Nell’incontro con Gertrude vengano esaltate dal Manzoni la santità e
l’innocenza che caratterizzano l’animo di Lucia. Ella, a differenza della monaca di
Monza, mantiene il voto con forza e costanza e la sua fede e la sua modestia si
oppongono all’orgoglio inculcato nella figlia del principe perfino attraverso
un’educazione religiosa stravolta. Lucia è abitata dalla Grazia mentre Gertrude
rappresenta il Male, non solo perché le sue colpe sono gravissime, ma anche perché
rifiuta la via di scampo offertale dalla religione. Gertrude rappresenta l’altra faccia di
Lucia, è l’esempio di ciò che Lucia sarebbe potuta diventare se avesse ceduto alle
profferte di don Rodrigo: questo suo ruolo specifico nel romanzo giustifica
l’ampiezza e l’accuratezza dell’analisi che le è dedicata.

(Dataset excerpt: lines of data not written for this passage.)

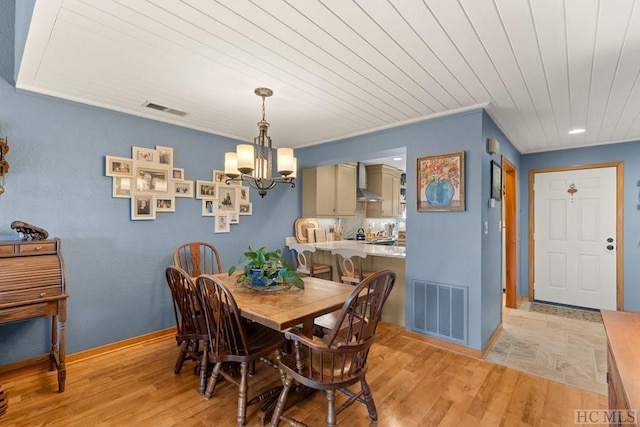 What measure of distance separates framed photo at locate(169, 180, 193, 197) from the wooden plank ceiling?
0.69 metres

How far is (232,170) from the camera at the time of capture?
2502 mm

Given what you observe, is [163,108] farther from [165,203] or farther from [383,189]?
[383,189]

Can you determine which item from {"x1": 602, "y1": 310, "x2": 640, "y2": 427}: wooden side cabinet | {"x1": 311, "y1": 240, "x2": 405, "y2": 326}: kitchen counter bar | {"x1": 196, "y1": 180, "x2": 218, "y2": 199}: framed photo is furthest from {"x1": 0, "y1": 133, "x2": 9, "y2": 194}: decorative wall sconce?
{"x1": 602, "y1": 310, "x2": 640, "y2": 427}: wooden side cabinet

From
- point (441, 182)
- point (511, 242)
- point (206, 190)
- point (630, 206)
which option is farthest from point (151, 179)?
point (630, 206)

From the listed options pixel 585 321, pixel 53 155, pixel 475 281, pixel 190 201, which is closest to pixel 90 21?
pixel 53 155

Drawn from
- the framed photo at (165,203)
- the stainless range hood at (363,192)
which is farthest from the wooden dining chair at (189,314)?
the stainless range hood at (363,192)

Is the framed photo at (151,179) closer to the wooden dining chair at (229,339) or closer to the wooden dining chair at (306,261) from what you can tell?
the wooden dining chair at (229,339)

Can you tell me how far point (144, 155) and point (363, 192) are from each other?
12.6 ft

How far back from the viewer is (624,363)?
1068 millimetres

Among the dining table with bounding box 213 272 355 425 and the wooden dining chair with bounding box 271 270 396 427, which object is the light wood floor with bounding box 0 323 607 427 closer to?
the dining table with bounding box 213 272 355 425

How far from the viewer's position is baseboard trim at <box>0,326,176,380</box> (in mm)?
2389

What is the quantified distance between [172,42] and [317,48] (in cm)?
85

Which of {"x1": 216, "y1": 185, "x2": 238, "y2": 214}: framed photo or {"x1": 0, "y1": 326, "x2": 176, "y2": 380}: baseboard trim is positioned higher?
{"x1": 216, "y1": 185, "x2": 238, "y2": 214}: framed photo

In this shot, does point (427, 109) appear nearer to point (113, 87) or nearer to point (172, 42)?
point (172, 42) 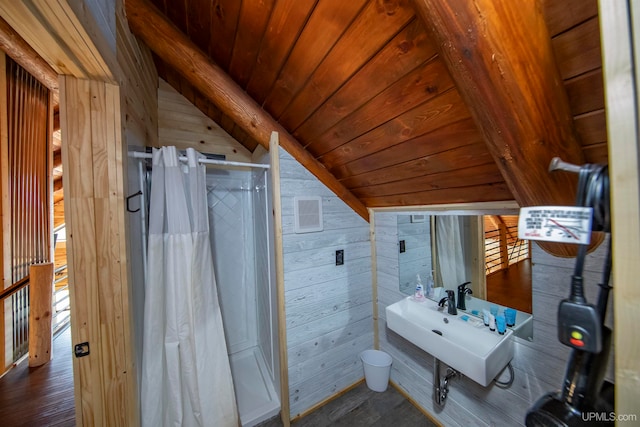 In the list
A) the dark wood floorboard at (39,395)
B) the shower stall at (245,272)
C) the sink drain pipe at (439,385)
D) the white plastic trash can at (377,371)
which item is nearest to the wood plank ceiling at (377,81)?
the shower stall at (245,272)

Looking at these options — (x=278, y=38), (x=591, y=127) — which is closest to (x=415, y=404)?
(x=591, y=127)

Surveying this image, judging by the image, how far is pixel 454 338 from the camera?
1.32 metres

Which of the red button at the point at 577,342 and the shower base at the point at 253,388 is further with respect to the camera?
the shower base at the point at 253,388

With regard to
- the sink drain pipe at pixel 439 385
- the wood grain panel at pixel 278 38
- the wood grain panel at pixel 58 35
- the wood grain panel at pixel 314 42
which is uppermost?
the wood grain panel at pixel 278 38

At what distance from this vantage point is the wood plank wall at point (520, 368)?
98cm

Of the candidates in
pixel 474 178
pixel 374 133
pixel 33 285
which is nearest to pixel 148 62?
pixel 374 133

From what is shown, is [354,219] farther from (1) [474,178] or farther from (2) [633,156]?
(2) [633,156]

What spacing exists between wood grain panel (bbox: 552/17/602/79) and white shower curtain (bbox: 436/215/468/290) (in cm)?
91

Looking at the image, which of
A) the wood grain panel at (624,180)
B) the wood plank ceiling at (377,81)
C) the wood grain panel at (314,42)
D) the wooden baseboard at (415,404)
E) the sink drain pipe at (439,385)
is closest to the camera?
the wood grain panel at (624,180)

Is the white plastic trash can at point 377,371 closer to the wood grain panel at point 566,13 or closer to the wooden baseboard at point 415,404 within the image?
the wooden baseboard at point 415,404

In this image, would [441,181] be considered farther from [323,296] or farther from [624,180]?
[323,296]

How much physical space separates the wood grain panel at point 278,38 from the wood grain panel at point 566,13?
714 millimetres

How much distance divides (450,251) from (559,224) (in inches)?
48.0

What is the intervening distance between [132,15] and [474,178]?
1948 millimetres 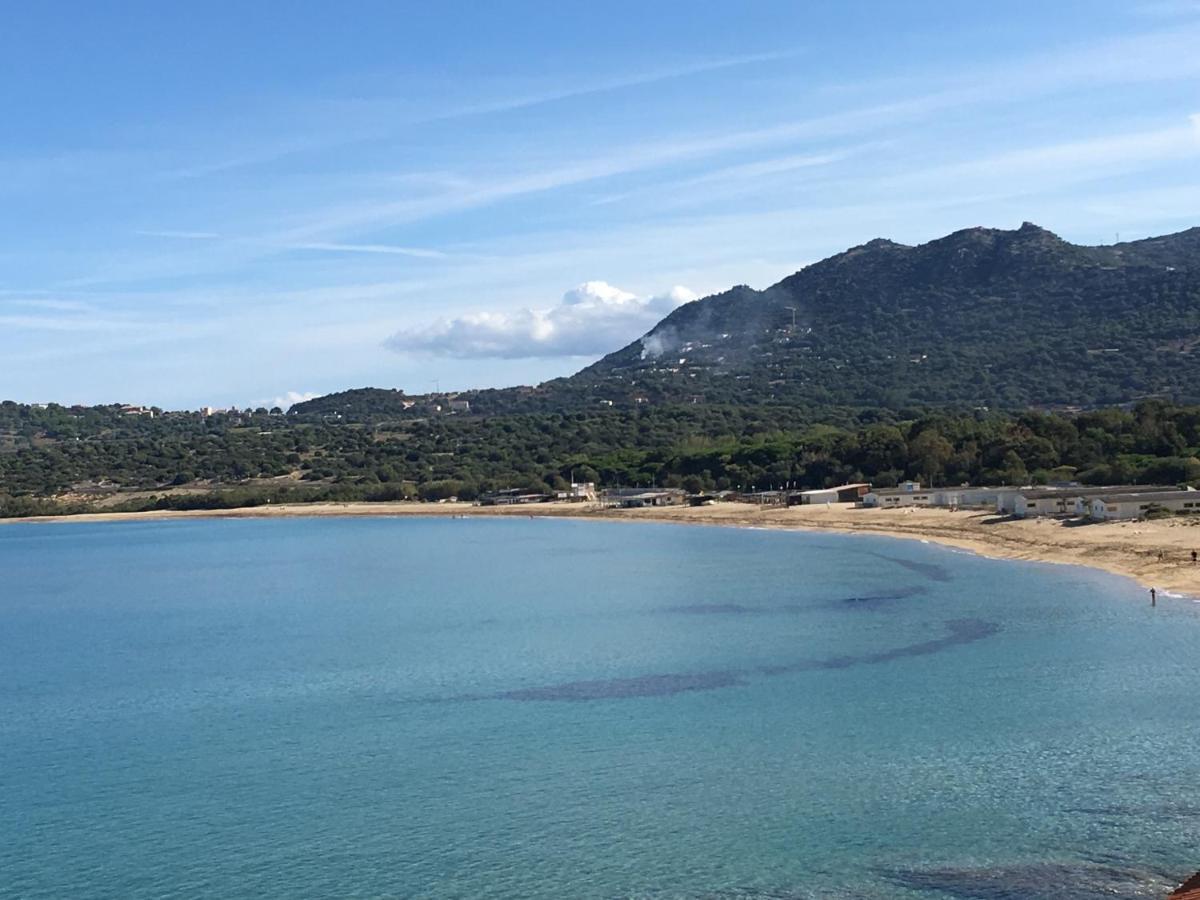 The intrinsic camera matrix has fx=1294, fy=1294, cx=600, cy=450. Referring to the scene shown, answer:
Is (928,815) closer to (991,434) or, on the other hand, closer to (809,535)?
(809,535)

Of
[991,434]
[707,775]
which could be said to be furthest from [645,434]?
[707,775]

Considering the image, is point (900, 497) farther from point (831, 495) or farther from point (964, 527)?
point (964, 527)

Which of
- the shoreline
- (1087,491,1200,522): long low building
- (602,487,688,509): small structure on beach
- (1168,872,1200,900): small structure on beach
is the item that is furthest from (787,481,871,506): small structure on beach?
(1168,872,1200,900): small structure on beach

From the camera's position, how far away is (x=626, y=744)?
26.1m

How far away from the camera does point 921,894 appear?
1730cm

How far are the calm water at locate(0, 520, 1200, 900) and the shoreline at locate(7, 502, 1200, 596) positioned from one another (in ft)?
8.32

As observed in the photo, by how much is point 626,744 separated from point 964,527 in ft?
148

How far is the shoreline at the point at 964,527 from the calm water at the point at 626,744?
2.54 metres

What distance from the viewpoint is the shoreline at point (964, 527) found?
48.4 meters

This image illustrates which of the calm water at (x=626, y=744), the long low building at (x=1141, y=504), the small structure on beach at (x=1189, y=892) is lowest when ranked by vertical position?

Al termine di queste considerazioni, si può affermare che per queste qualità è
Lucia il personaggio nel quale il Manzoni si identifica maggiormente. Lucia è
portatrice di una delle tesi fondamentali del romanzo: l’agire umano è vano, se non
addirittura dannoso, senza l’intervento della Provvidenza divina.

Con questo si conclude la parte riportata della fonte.